Consequently, Agua Prieta leaders are teaching Mexican nationals how to cross into the U.S. and stay there, by instructing them to request a court hearing -- a tactic sure to clog the judicial system with possibly thousands of illegal immigrants who want their day in court. Experts say that if only a small portion of illegal immigrants request court appearances, the system could be hopelessly clogged and the Border Patrol similarly overwhelmed.

-- World Net Daily, June 2000

Texans pledge help to Arizona ranchers

A Texas group is calling for armed volunteers to help Arizona ranchers repair damage caused by illegal immigrants--and if necessary, to capture and detain the trespassers for law enforcement officials.

Jack Foote, who heads Ranch Rescue (see http://www.ranchrescue.com), said volunteers will be armed and prepared to defend themselves. But their reason for coming this fall is to show solidarity with southeastern Arizona ranchers, he said.

"Our concern is not with illegal immigration; our concern is with criminal trespass," Foote told the Arizona Daily Star. "Where I come from, if you trespass on someone's property, you go to jail." By coming to Arizona, Ranch Rescue hopes to call attention to the problem while also repairing fences, fixing water tanks and doing other ranch chores, he said.

-- Arizona Republic, June 29, 2000

Illegals stretch resources on border

Arizona's four border counties spent $15.5 million of taxpayers money last year capturing and prosecuting thousands of illegal immigrants who committed burglary, car theft and other crimes, according to new testimony on the high cost of the border crisis.

The cost to Arizona isn't being measured only in dollars: Testimony on Tuesday also warned of damage to national parks and riparian areas and an erosion of faith in the federal government's ability to solve the mounting border woes.

"I've never seen such a devastating, pervasive socioeconomic and environmental impact along the border," Cochise County Sheriff Larry Dever said after submitting a statement to the Senate Judiciary Committee. "Of all the damage being done, perhaps the greatest is the loss of confidence by our citizens that our government is willing or able to do anything about this situation."

"I think people will be very, very surprised that county governments endure such an impact," said Tanis Salant of the University of Arizona. "These are unreimbursed by the federal government. People need to realize that whatever is financed through the county general fund, it is local taxpayers bearing the burden."

The federal government is already paying millions of dollars a year for the cost of incarcerating illegal immigrants, but the tab is left to counties when immigrants commit other crimes. Sen.

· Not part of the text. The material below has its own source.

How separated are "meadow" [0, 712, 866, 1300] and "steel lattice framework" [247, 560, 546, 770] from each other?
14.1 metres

Jon Kyl said he is trying to prod the Senate into reimbursing counties more for emergency medical care and other services.

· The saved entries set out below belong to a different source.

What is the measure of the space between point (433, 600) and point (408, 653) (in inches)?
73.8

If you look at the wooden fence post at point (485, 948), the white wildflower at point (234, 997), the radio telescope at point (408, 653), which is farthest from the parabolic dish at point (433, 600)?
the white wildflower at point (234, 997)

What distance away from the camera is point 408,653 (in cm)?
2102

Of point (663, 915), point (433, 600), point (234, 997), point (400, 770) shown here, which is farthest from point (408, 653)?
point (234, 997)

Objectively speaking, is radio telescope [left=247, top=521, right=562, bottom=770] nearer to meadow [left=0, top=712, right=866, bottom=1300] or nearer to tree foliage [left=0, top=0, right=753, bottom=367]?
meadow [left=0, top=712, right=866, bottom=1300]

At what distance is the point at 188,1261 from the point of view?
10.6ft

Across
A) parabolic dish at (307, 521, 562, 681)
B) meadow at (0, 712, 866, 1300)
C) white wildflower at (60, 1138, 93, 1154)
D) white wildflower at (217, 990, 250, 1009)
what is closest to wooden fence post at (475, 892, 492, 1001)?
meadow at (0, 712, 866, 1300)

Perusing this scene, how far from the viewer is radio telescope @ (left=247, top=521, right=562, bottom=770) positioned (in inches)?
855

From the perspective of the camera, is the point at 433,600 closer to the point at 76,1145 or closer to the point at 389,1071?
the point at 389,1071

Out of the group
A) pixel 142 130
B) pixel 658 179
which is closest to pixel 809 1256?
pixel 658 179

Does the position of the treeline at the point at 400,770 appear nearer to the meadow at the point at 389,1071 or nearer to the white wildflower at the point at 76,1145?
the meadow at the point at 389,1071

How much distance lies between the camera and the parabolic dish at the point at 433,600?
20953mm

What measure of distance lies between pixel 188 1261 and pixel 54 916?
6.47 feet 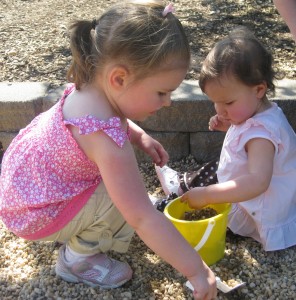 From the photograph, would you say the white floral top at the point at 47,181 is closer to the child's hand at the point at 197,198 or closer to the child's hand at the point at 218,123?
the child's hand at the point at 197,198

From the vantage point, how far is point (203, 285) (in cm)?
176

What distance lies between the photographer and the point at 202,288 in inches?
69.2

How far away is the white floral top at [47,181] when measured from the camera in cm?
201

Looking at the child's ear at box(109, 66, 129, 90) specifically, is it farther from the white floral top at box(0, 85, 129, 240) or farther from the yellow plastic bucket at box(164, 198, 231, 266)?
the yellow plastic bucket at box(164, 198, 231, 266)

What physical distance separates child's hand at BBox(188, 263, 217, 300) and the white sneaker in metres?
0.96

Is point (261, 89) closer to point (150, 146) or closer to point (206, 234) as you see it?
point (150, 146)

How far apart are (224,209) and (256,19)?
87.2 inches

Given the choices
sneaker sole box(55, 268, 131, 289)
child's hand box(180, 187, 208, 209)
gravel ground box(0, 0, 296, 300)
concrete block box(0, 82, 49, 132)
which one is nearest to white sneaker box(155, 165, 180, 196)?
gravel ground box(0, 0, 296, 300)

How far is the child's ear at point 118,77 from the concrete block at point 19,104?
124cm

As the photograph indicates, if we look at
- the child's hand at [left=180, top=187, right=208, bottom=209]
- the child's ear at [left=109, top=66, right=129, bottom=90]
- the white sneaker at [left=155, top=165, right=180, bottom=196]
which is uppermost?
the child's ear at [left=109, top=66, right=129, bottom=90]

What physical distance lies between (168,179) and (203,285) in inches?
41.3

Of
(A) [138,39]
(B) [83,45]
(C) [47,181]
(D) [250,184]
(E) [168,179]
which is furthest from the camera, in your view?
(E) [168,179]

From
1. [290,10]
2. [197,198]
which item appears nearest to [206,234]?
[197,198]

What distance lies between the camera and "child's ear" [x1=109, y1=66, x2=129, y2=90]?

-- Arizona Republic, June 28, 2000

Rancher sued over slain immigrant

The father of an illegal immigrant from Mexico filed a $15 million lawsuit Friday against a Texas rancher who allegedly shot the immigrant to death after he approached the rancher in search of water.

The wrongful-death lawsuit was filed about six weeks after the Mexican government hired lawyers to seek damages from vigilantes near the border who have detained illegal immigrants crossing north from Mexico.

Friday's suit, filed in federal court in Del Rio, accuses Samuel H. Blackwood Jr. of shooting 23-year-old Eusebio de Haro Espinosa. (Espinosa was shot once in the leg and later bled to death.) Blackwood, 75, surrendered to police on May 14, a day after the shooting. He initially was charged with murder, but a grand jury later indicted him on a lesser charge of deadly conduct, punishable by two to 10 years in prison.